The idea now is to try to show that for any given N, x_0, there must
exist an NC^1 circuit C_{x_0,N} that on input i, produces b_i as output.
Before showing that, let's see how that would imply what we want.
First of all, define C_{x_0,N,t} to be the same as C(x_0,N) except
that all but the last t input bits are hardwired to 0 (it only looks
at the last t bits of input i). So, this is in NC^1 too.
Now, the way we will use this in a hardness proof is like this: say
that A is a proposed poly-time weak learner for NC^1. So, for some n^k,
if the target has n gates, A uses at most n^k time/queries/samples
and gets error at most 1/2 - 1/n^k. Now, say we are given an m-bit
string that's either of type (I) or (II) above, for m = n^{3k}. What
we do is use this as a lookup table. Given an input i, we look at
the last 3k*lg(n) bits of i and output the corresponding position in
our bit string. Now, since A only has n^k queries or samples, when it
comes time for A to make a prediction on a new example, the
probability that the new random example has the same
suffix as something it has seen already is at most n^k/n^{3k} =
1/n^{2k}. So, if our bit string was type (II), then A would have
probability at most 1/2 + 1/n^{2k} of getting it right. On the other
hand, if out bit string was type (I), then we have been consistent
with C_{x_0,N,3k*log(n)} and so A should have success probability at
least 1/2 + 1/n^k. This is a weak-distinguisher and so you could factor.
So, we just need to argue that we can make an NC^1 circuit that on
input i computes: LSB( (x_0)^{2^i} mod N )
We will do this in two steps. First show how to compute j =2^i mod
phi(N) and then how to compute (x_0)^j mod N.
Unfortunately, we can't directly do repeated-squaring in NC^1.
However, here is a trick. We first precompute 2^1, 2^2,
2^4, 2^8, etc., modulo phi(N), and store these values in the circuit.
Then, given input i, we use i to tell us which of these precomputed
values we want to multiply together modulo phi(N). Remember, we can
multiply n n-bit numbers modulo another n-bit number in NC^1.
The second step works the same way. We precompute x_0, (x_0)^2,
(x_0)^4, (x_0)^8, ... modulo N, and use j to tell us which of these to
multiply together modulo N.
Can get statements about AC^0 too (constant depth, unbounded fanin)
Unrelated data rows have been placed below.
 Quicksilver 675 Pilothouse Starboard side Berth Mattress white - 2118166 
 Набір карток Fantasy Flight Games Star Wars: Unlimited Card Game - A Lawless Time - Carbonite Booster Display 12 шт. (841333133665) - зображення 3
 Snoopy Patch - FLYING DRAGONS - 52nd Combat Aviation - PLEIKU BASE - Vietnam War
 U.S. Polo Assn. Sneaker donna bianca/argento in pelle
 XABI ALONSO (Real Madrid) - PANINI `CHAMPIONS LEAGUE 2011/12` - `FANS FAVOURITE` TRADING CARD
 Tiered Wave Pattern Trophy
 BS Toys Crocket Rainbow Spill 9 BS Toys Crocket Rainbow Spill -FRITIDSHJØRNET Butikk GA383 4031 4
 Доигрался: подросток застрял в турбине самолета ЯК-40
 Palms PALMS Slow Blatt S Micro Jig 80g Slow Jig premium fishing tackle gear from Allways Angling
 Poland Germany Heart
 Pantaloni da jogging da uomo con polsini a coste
using stronger assumptions about hardness of factoring.
---------------------------
Now, we can use this to show that DFA are hard to learn in the PAC model
when you don't have membership queries.
Idea: given an NC^1 circuit f over {0,1}^n, will create DFA g over
{0,1}^m where m = n*2^{depth(f)}. Also will define a simple mapping
r: x -> xxx...x. The DFA g will have the property that g(r(x)) =
f(x). Also the number of states in g will be polynomial in m.
-> first, how would you create a DFA for the function x_2 OR not(x_4)?
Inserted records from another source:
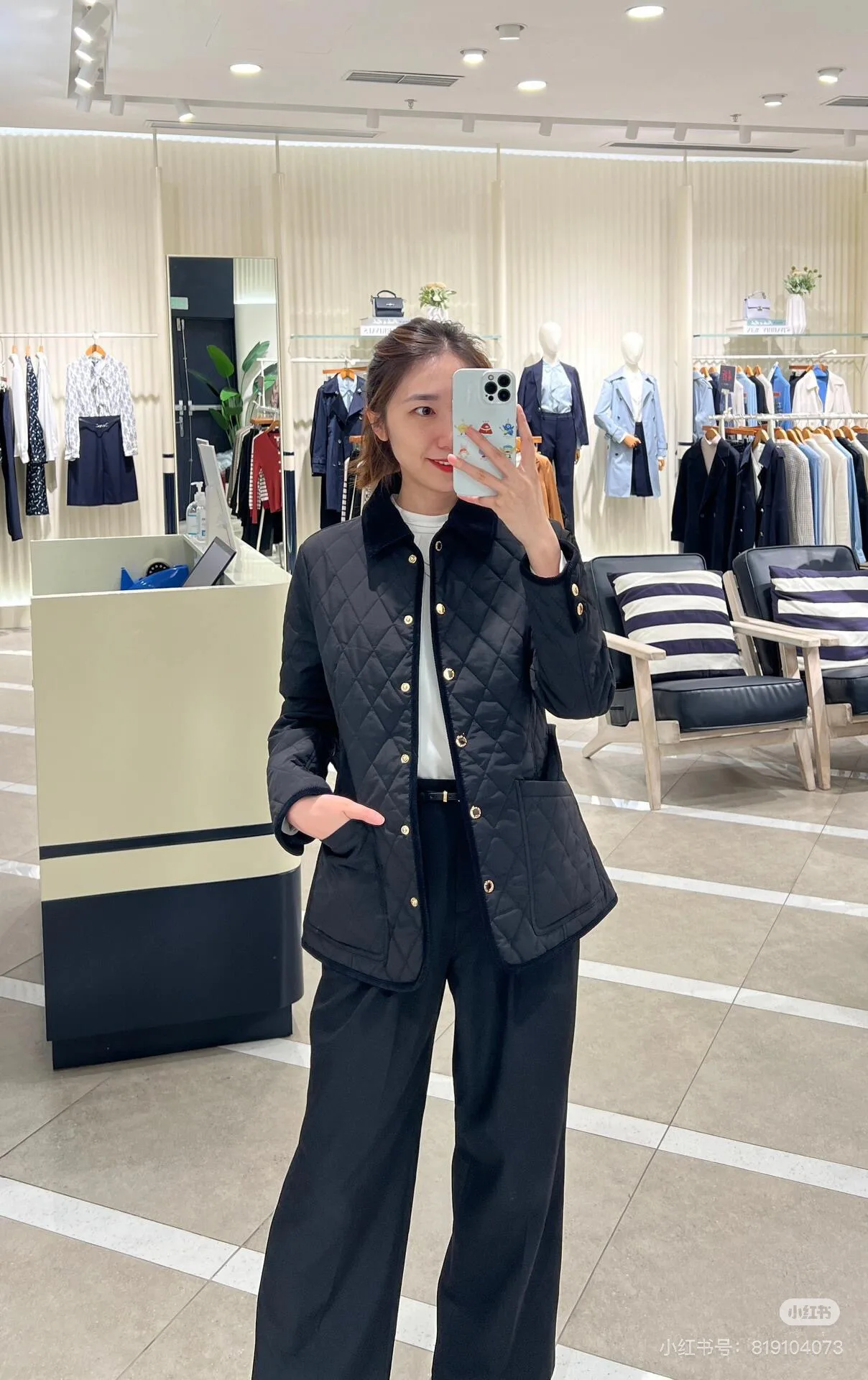 Куртки И Пуховики Женские Burberry 1074762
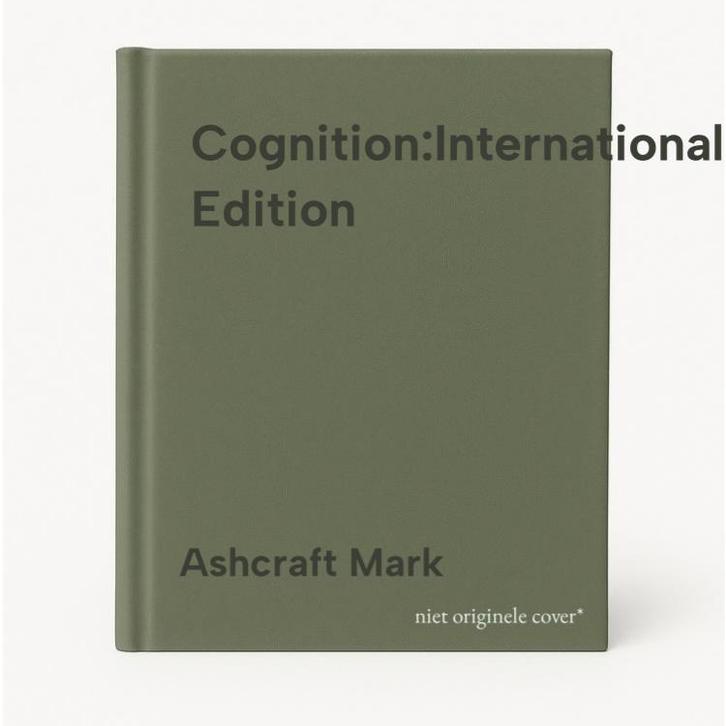 Cognition:International Edition 9780135081686 Ashcraft Mark, Livres, Langue | Anglais, Envoi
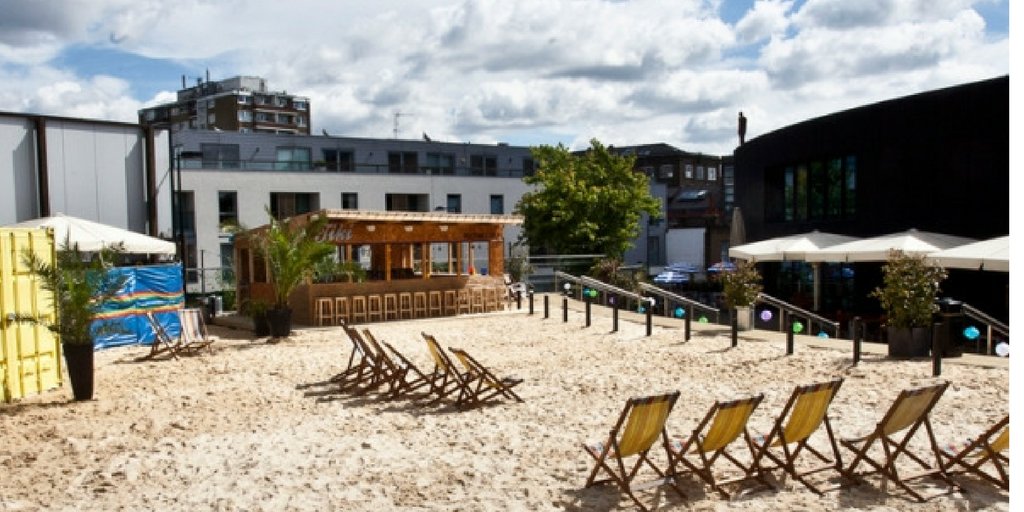 We love Chalk Farm's pop-up beach in Camden Town - the perfect #humpday treat this #summer!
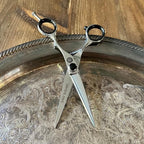 Saki Makoto Professional Hairdressing Scissors and Thinning Shears Set for Professional Hair Cutting - 5.5" 440C Stainless Steel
This is easy. In fact, notice we can do this so that the
DFA always ends up in either a specific accept-state A or a specific
reject-state R,and we can get rid of self-loops if we only care about
inputs of size n.
-> Given a DFA for the function f1 and a DFA for the function f2, how to
create a DFA for "f1 AND f2", assuming we're allowed to replicate the
input?
Just make f1's A state be f2's start state, and have f1's R state go
through a chain of dummy states to f2's R state. Similarly for OR.
So we double the length of the input needed each time we go up 1 level
in the circuit.
That's it. Notice that we have *not* shown that DFA's are hard to
learn with membership queries (good thing too, since we are going to
give an algorithm that learns DFAs using membership queries). The
reason is that only queries of the form "xxx...x" actually map
back to legal queries for the original NC^1 circuit. We have also
*not* shown that DFA's are hard to learn over the uniform distribution
on n-bit inputs. (This is a nice open problem).